Oral Presentation BacPath 2024

High-throughput Phenotyping of Biofilm Production in Acinetobacter baumannii Using Microfluidic Droplets (#14)

Siyuan S Zhuang 1 , Daniel D Pasco 1 , Amy K Cain 1 , David W Inglis 1
  1. Macquarie University, Pennant Hills, NSW, Australia

Acinetobacter baumannii has recently been recognised as one of the critically important pathogens owing to its high levels of antibiotic resistance1. A. baumannii has been shown to cause 10% of hospital-acquired infections2, 60% of the fatality rate for community-acquired pneumonia3 and 35% of ventilator-related pneumonia and bloodstream infections4.  can heighten its resistance levels by forming biofilms, a matrix structure consisting of extracellular products, such as proteins, polysaccharides and extracellular DNAs. The biofilm matrix is a natural protective layer preventing antibiotics from direct contact with living bacteria inside5. Most current advances studying biofilm development primarily focus on assessing bulk-culture levels. Due to the heterogeneity of A. baumannii, such methods overlook the potential contribution of minority behaviours within cell populations. Therefore, performing single-cell level assays for biofilm production in A. baumannii will play a significant role in analysing the biofilm behaviour of the medically significant organism.
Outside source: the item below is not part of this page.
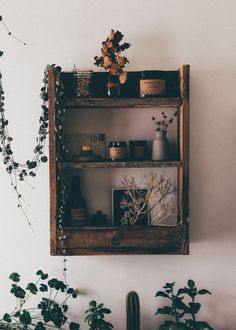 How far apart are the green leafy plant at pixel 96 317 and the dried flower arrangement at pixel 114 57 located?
1050 mm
To fill this gap, we successfully performed reliable and high-throughput phenotypic assays of the biofilm-producing population of A. baumannii using single-cell containing droplets. Firstly, we used microfluidic droplets (double emulsions, DEs) to encapsulate single A. baumannii cells with rich media containing YoYo-1, a fluorescent dye staining the extracellular DNA that correlates with biofilm level. We cultured cells for 21 hours and collected DEs droplets with relatively high or low levels of fluorescence using FACS, to allow detection of biofilm production or lack thereof. Post-sorting microscopic data confirmed the accuracy of the sorting results; the biofilm and the non-biofilm forming populations in droplets were distinguished. The variation of biofilm levels observed had each originated from a single cell seeding event, indicating population heterogeneity. The work opens a new opportunity to accurately select phenotypes of interest, including those that are not easily distinguishable or selectable from an agar plate.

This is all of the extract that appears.